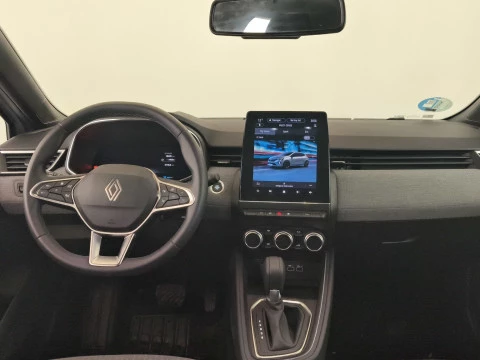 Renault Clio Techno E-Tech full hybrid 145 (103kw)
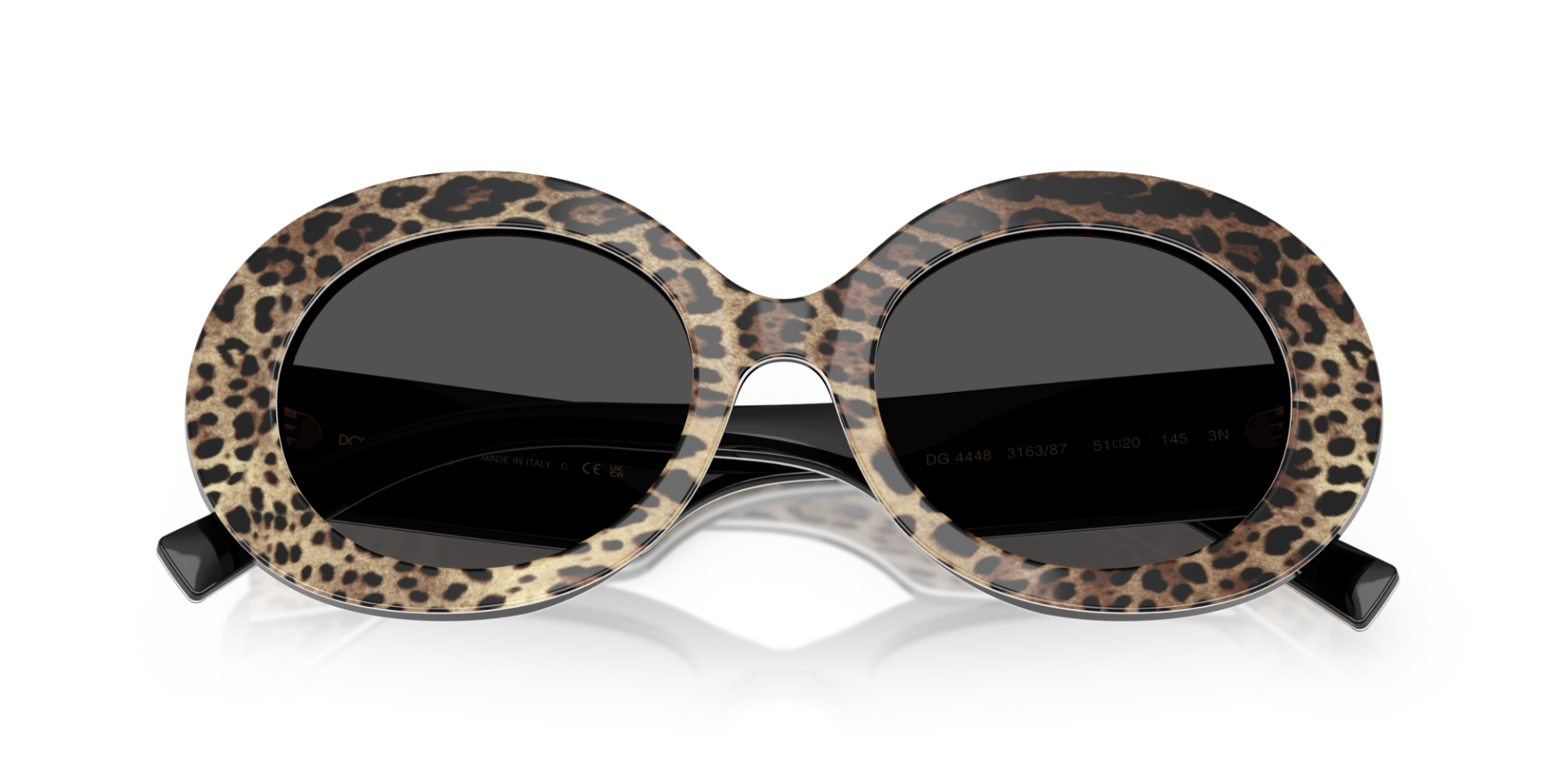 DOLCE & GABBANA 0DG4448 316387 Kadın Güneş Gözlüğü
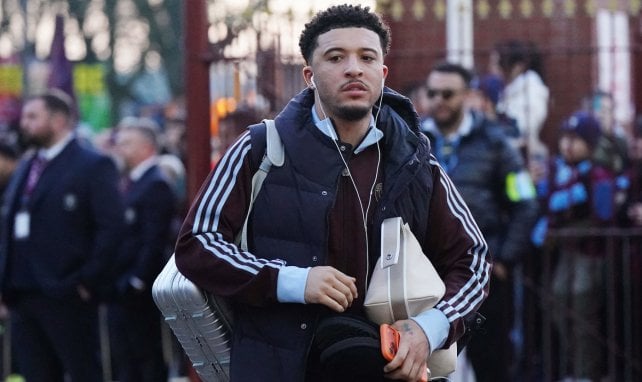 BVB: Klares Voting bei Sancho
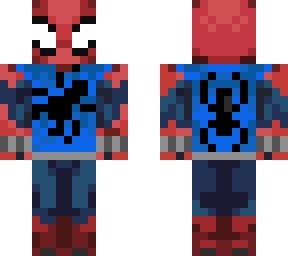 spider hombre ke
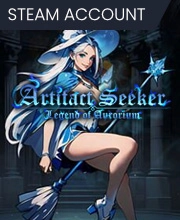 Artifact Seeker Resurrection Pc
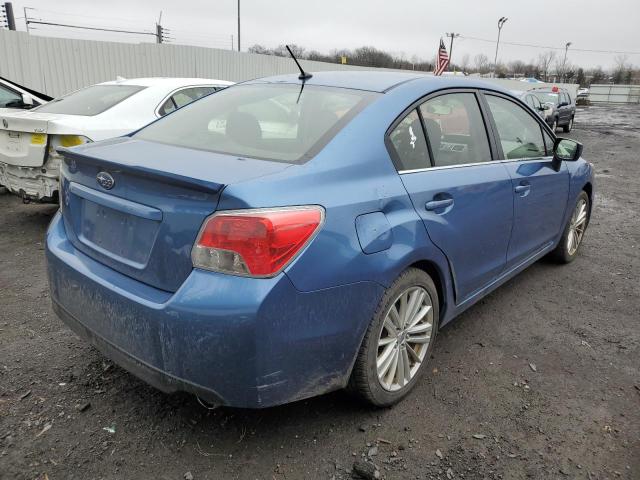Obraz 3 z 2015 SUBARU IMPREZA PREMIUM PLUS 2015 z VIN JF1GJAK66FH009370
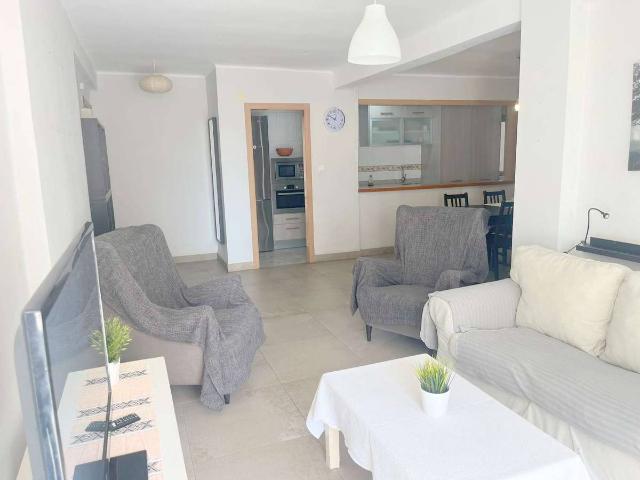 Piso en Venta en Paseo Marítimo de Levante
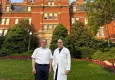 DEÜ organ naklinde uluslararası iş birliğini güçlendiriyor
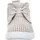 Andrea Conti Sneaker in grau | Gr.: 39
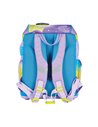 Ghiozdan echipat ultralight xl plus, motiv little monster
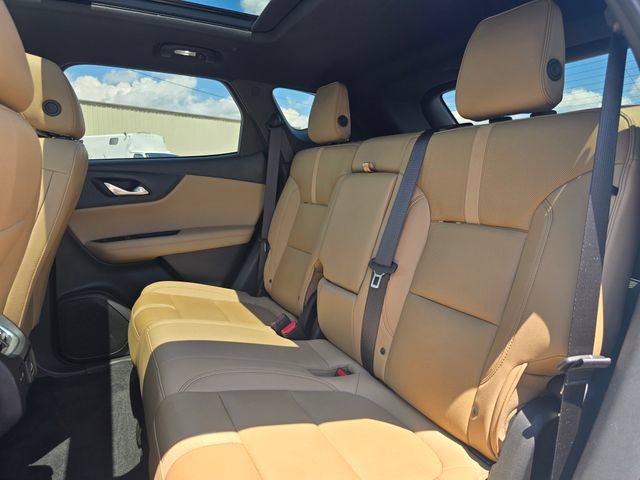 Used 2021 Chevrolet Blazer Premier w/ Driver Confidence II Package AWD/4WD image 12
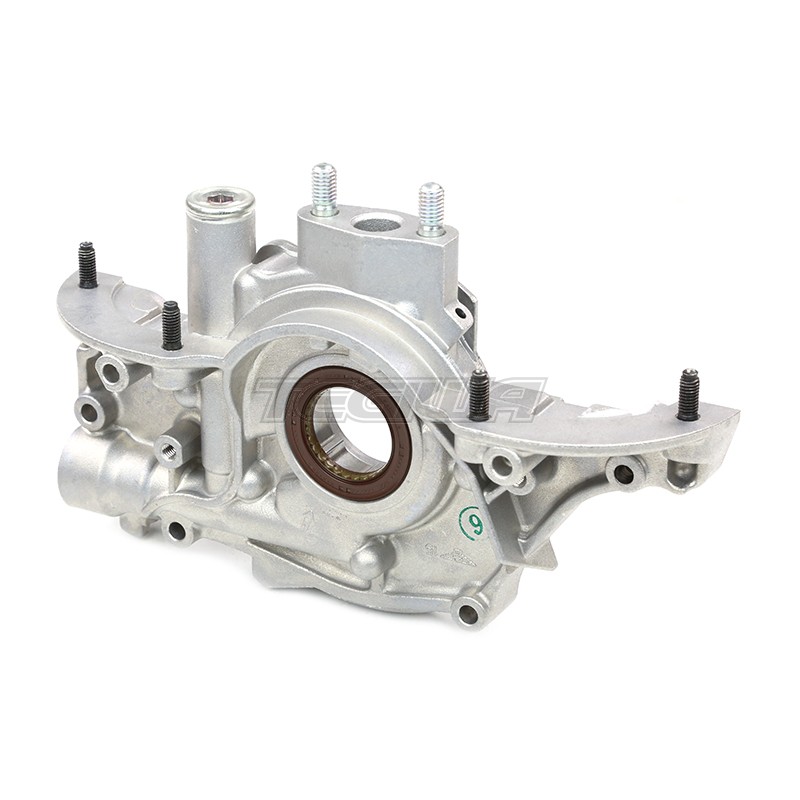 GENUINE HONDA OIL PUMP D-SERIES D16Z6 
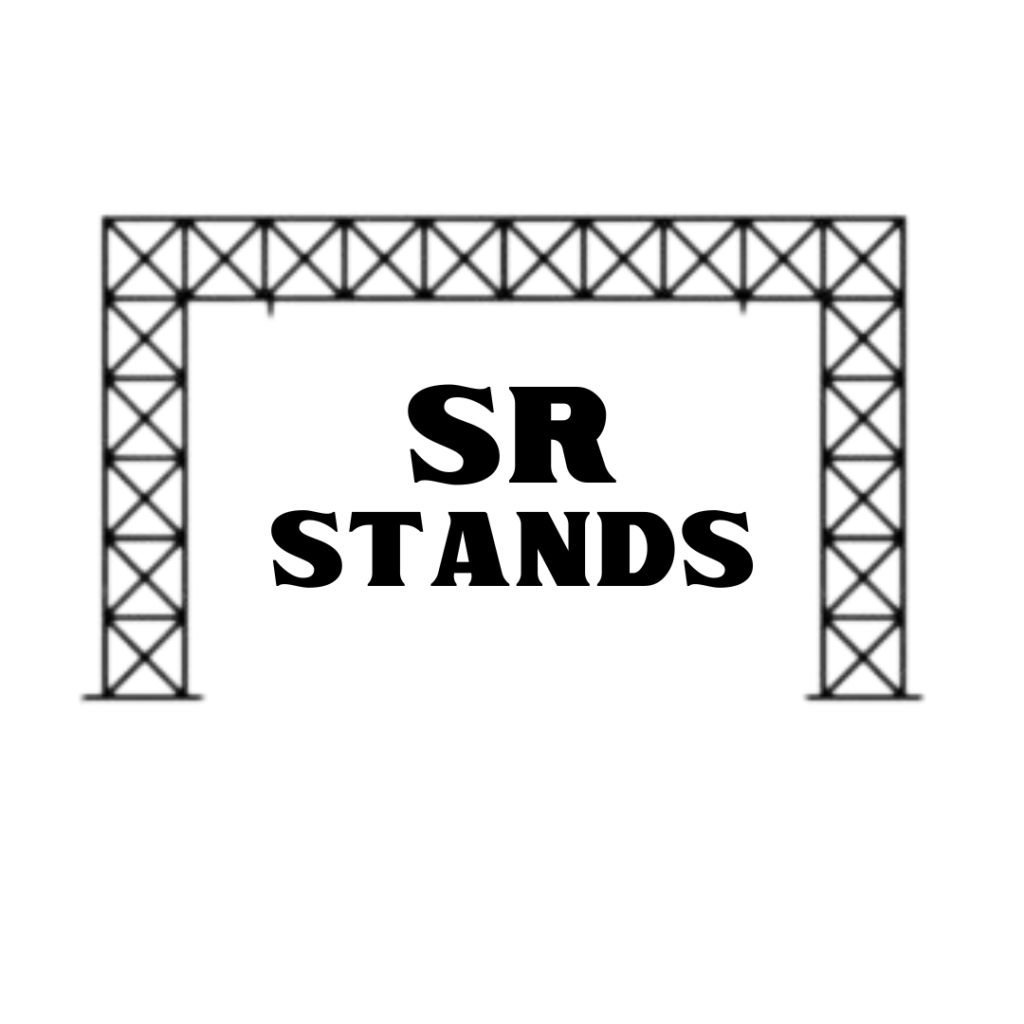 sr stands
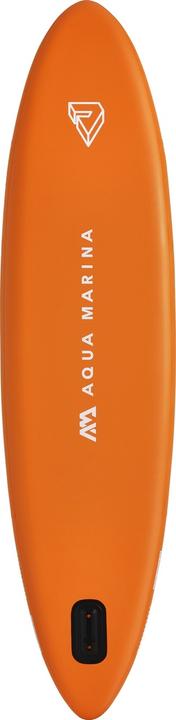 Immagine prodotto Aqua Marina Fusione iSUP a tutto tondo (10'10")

- - - - - - -

## PROBLEM REQUIREMENTS
Transcribe the material exactly, and leave out whatever pictures it holds.

## ANSWER FOR THE TASK
 Renault Clio Techno E-Tech full hybrid 145 (103kw)
 DOLCE & GABBANA 0DG4448 316387 Kadın Güneş Gözlüğü
 BVB: Klares Voting bei Sancho
 spider hombre ke
 Artifact Seeker Resurrection Pc
Obraz 3 z 2015 SUBARU IMPREZA PREMIUM PLUS 2015 z VIN JF1GJAK66FH009370
 Piso en Venta en Paseo Marítimo de Levante
 DEÜ organ naklinde uluslararası iş birliğini güçlendiriyor
 Andrea Conti Sneaker in grau | Gr.: 39
 Ghiozdan echipat ultralight xl plus, motiv little monster
 Used 2021 Chevrolet Blazer Premier w/ Driver Confidence II Package AWD/4WD image 12
 GENUINE HONDA OIL PUMP D-SERIES D16Z6 
 sr stands
 Immagine prodotto Aqua Marina Fusione iSUP a tutto tondo (10'10")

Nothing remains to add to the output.